[[ THE RECORDS, beginning ]]
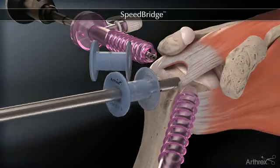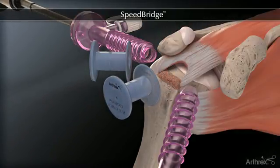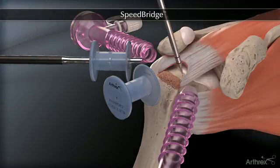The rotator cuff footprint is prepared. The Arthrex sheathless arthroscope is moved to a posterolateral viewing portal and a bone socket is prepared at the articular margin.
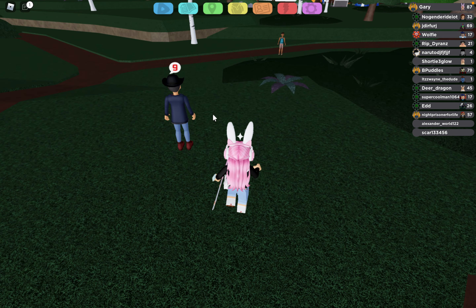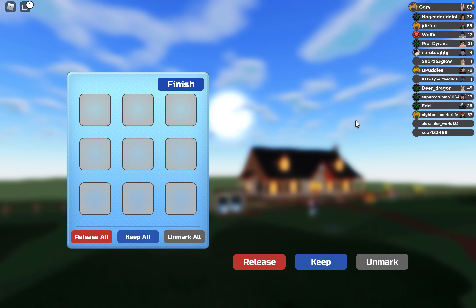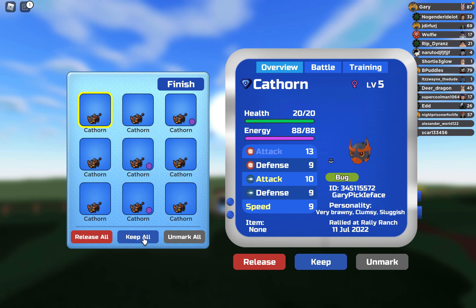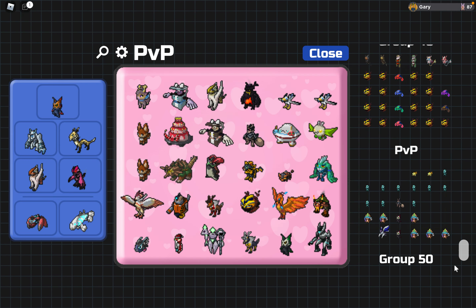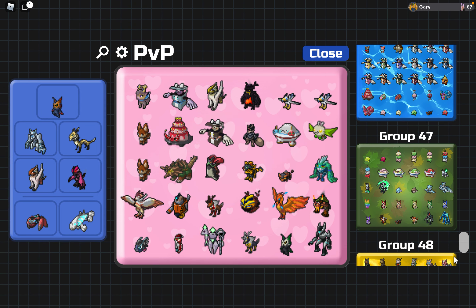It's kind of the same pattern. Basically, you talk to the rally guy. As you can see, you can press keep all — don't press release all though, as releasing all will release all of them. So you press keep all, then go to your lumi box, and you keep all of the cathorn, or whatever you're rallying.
[[ THE RECORDS, end ]]
[[ THE RECORDS, beginning ]]
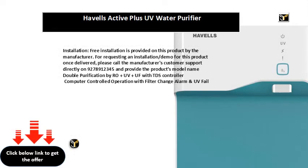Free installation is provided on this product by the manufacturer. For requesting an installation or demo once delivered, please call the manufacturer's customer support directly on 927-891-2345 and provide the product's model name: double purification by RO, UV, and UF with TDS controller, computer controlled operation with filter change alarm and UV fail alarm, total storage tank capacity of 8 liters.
[[ THE RECORDS, end ]]
_WHAT THE TASK REQUIRES_. Above are some records; extract exactly the lines from the one containing "The rotator cuff" through the one containing "It's kind of" and drop the pictures.

_RESULT OF THIS TASK_.
The rotator cuff footprint is prepared. The Arthrex sheathless arthroscope is moved to a posterolateral viewing portal and a bone socket is prepared at the articular margin.
It's kind of the same pattern. Basically, you talk to the rally guy. As you can see, you can press keep all — don't press release all though, as releasing all will release all of them. So you press keep all, then go to your lumi box, and you keep all of the cathorn, or whatever you're rallying.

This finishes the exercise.